Denis Weisser et Benoît lors d'une prise de vue côté Gentilly (à l'opposé de l'A6 par rapport au terrain de sport) (FM pour MEAGSR)
Je suis joueur de rugby : on marque pas un essai tout seul. Moi je dis : jouer dans les lignes arrière. Je dis toujours à Benoît, mon truc, c’est de voir le trou. Voir le trou, passer les bras, me faire chopper aux jambes, passer la balle et ce sont les potes qui allaient mettre l’essai. Et je disais, il faut préparer les jambes, il faut avoir la vista, il faut avoir le coup de rein pour passer dans le trou, il faut passer la balle, et puis voir le copain qui va mettre l’essai. Et là vous prenez du plaisir, parce que vous savez que si le copain il va mettre près des barres, c’est parce que vous avez fait tout le boulot. Et c’est ça je pense, une équipe municipale. Le maire, il a une autre expression, il dit : « Etre dans une équipe municipale, c’est être dans un bateau. » Alors, on est parfois à la barre, on est souvent dans la soute. On monte ou on ne monte pas sur le bateau. La vie de nos villes, de nos départements, de nos régions, ce sont des vies avec une mer qui est plus ou moins agitée, qui bougent beaucoup. Si on ne veut être qu’à la barre, ça ne va pas le faire, parce que des fois, il faudra laisser le pilotage automatique puis descendre écoper. Et puis il faut avoir beaucoup d’humilité devant les éléments.

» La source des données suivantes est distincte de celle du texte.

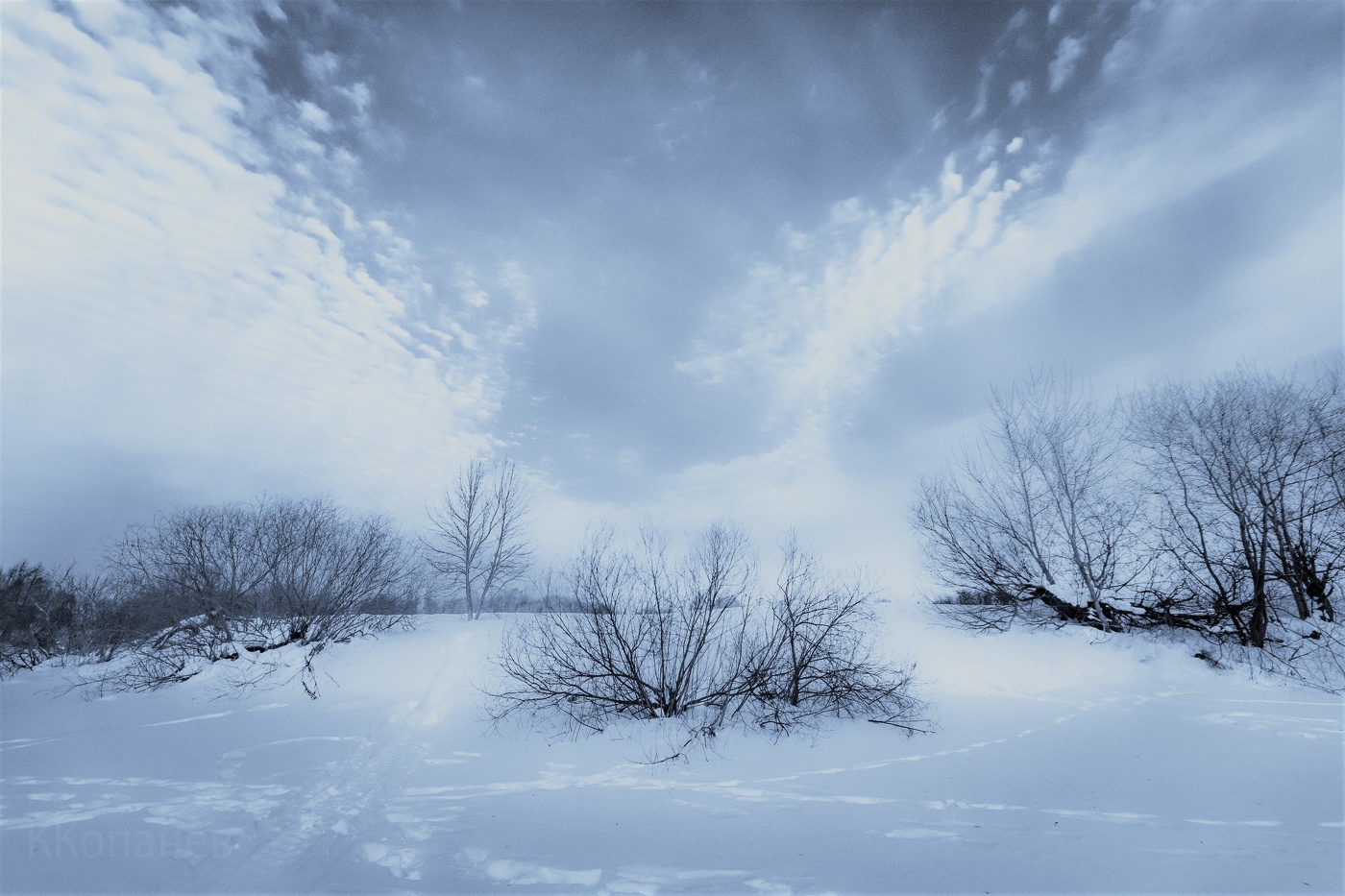 Синий холод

MEAGSR : avez-vous un message à passer à tous ceux qui vont venir à la 3ème Fête de la Fraternité ?
Denis Weisser : que la Fête soit belle, comme je l’ai écrit dans le blog ! Oui c’est du boulot, oui c’est comme tous les projets, on s’engueule, même avec mes amis les plus proches, et ça fait partie des projets. Après, il faut savoir où sont les valeurs. Les amis, c’est les amis, on n’est pas toujours là pour leur faire plaisir quand ça commence à ne pas aller. Et puis chacun sa place, c’est toute cette dynamique là qu’on met au service des autres, de la Fête de la Fraternité. Je fais partie des gens qui sont au PS depuis 1995, je ne suis pas un fanatique réputé, j’ai plutôt la tête préparée à raisonner, à travailler, c’est cette dynamique-là qu’il faut mettre au service des autres. Ségolène dit une très belle phrase : « Quand on est élu, on est au service des autres, et on n’est pas là pour se servir. ». Il faut garder ça en tête quoi. Moi ma phrase c’est « On est de passage. ». Ça revient au même. C’est très difficile, la vie d’élu devient de plus en plus compliquée.